→ **The input**:
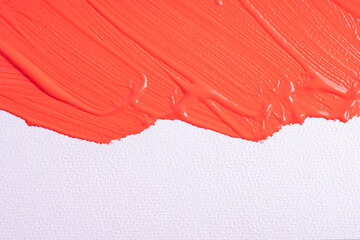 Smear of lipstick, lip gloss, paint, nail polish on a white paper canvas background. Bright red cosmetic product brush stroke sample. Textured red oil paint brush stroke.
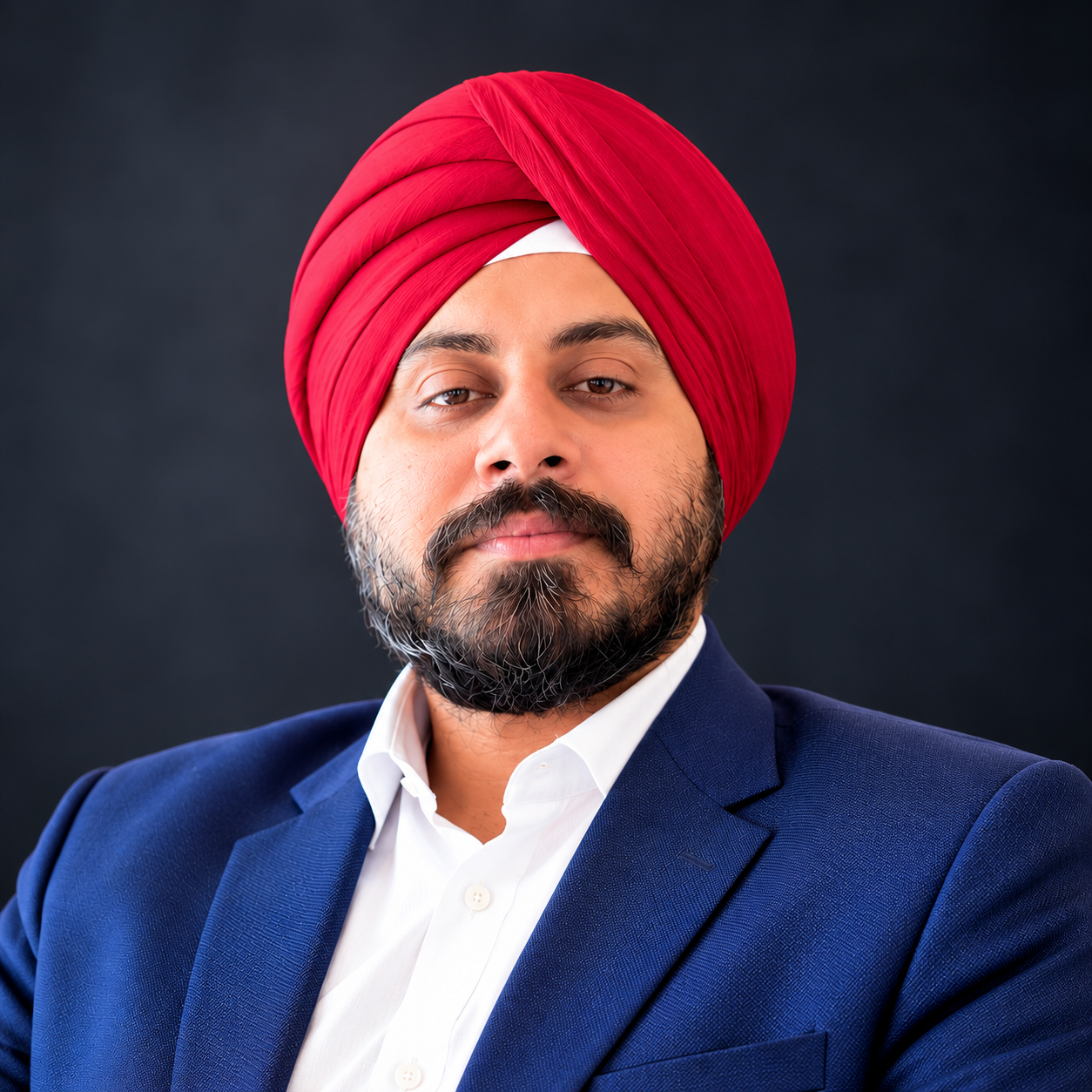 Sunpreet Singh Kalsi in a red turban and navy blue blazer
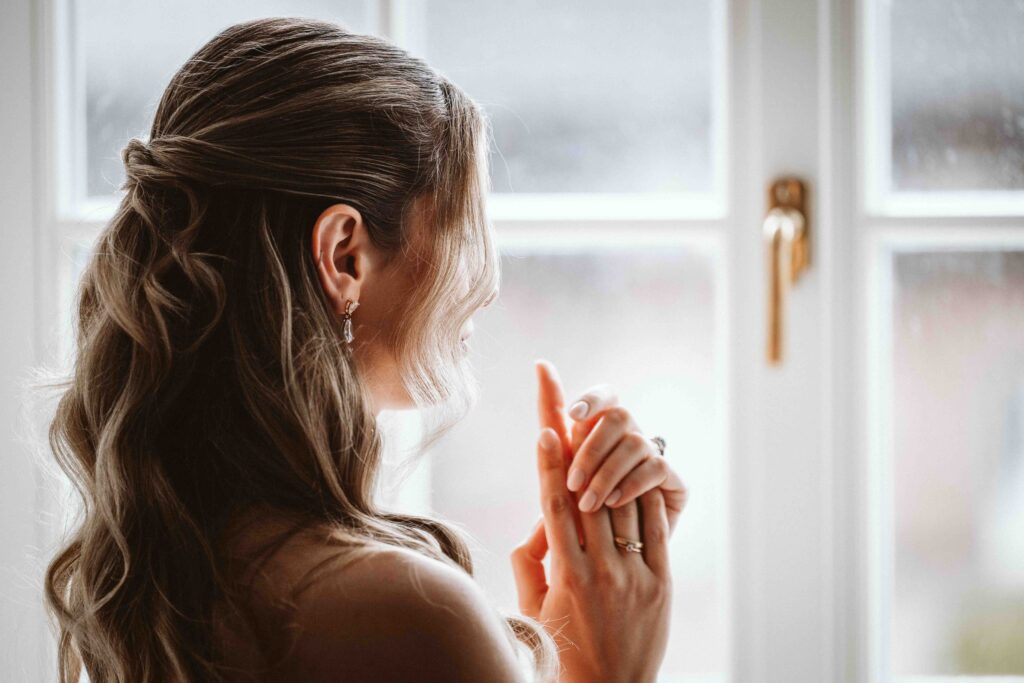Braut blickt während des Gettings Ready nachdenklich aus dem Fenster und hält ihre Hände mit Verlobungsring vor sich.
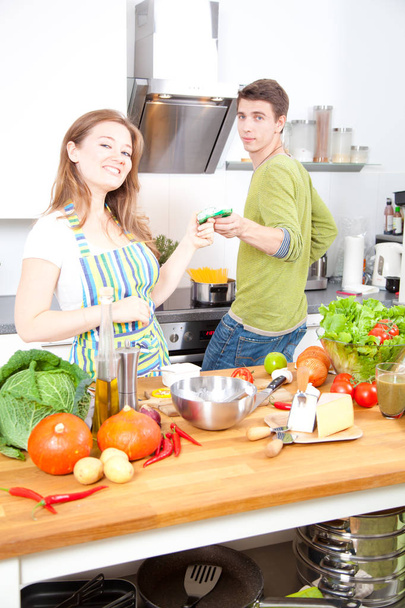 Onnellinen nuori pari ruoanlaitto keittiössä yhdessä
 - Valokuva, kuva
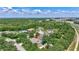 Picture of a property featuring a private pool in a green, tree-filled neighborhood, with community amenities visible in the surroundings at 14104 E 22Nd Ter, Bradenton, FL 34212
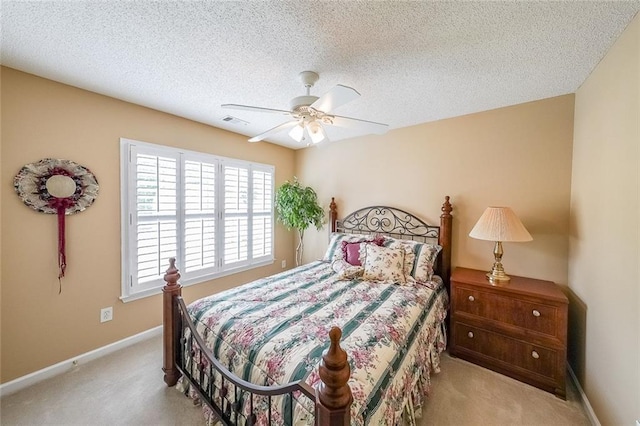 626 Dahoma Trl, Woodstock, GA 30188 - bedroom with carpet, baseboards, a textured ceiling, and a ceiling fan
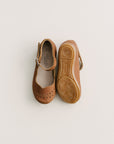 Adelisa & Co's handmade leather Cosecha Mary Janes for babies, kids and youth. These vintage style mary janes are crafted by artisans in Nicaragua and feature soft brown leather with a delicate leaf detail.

→ **Your instructions**: Should the entries hold any pictures, please omit those and print the remaining text exactly.

→ **Output of the task**:
 Smear of lipstick, lip gloss, paint, nail polish on a white paper canvas background. Bright red cosmetic product brush stroke sample. Textured red oil paint brush stroke.
 Sunpreet Singh Kalsi in a red turban and navy blue blazer
Braut blickt während des Gettings Ready nachdenklich aus dem Fenster und hält ihre Hände mit Verlobungsring vor sich.
 Onnellinen nuori pari ruoanlaitto keittiössä yhdessä
 - Valokuva, kuva
 Picture of a property featuring a private pool in a green, tree-filled neighborhood, with community amenities visible in the surroundings at 14104 E 22Nd Ter, Bradenton, FL 34212
 626 Dahoma Trl, Woodstock, GA 30188 - bedroom with carpet, baseboards, a textured ceiling, and a ceiling fan
 Adelisa & Co's handmade leather Cosecha Mary Janes for babies, kids and youth. These vintage style mary janes are crafted by artisans in Nicaragua and feature soft brown leather with a delicate leaf detail.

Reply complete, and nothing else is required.